Ce texte a été voté le 11 décembre et a provoqué un mouvement de protestation sans précédent depuis l’arrivée au pouvoir du Premier ministre Modi en 2014 et au moins 27 personnes ont été tuées dans des heurts avec les forces de l’ordre.

Des manifestations ont également eu lieu à Kolkata (est) et dans l’Etat de Karnakata (sud), où des centaines de femmes musulmanes ont défilé contre la loi, selon la police.

Dans l’Etat le plus peuplé de l’Inde, l’Uttar Pradesh, où 19 personnes ont été tuées au cours des jours précédents, les autorités ont arrêté des milliers de personnes. Plus de cent manifestants, accusés d’émeutes et de destruction de biens publics, ont été condamnés à payer un total de cinq millions de roupies (70.000 dollars) d’ici à une semaine, faute de quoi leurs biens seront confisqués, selon les autorités.

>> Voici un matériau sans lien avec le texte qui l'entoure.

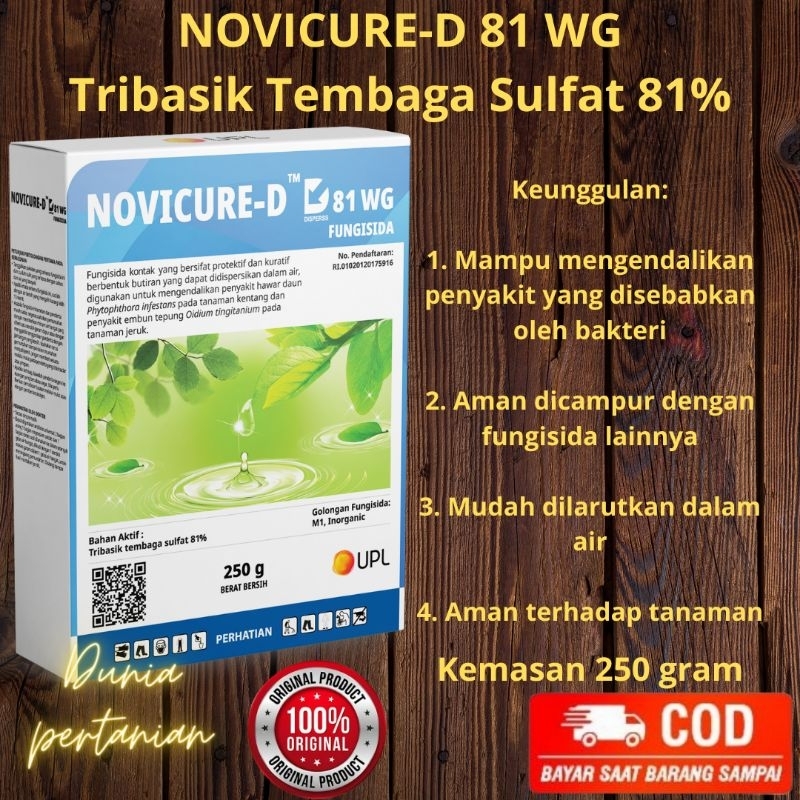 Bakterisida/fungisida Novicure-D 81 WG bahan aktif tribasik tembaga sulfat 81%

Ces nouvelles manifestations interviennent au lendemain d’une démonstration de force à Hyderabad (sud) de plusieurs milliers d’hindous extrémistes partisans de M. Modi, qui ont défilé dans la ville armés de bâtons et paradant sur des chevaux.

D’autres manifestations d’opposants à la loi sont prévues pour vendredi, particulièrement dans l’Uttar Pradesh, où vit une importante communauté musulmane, et à New Delhi.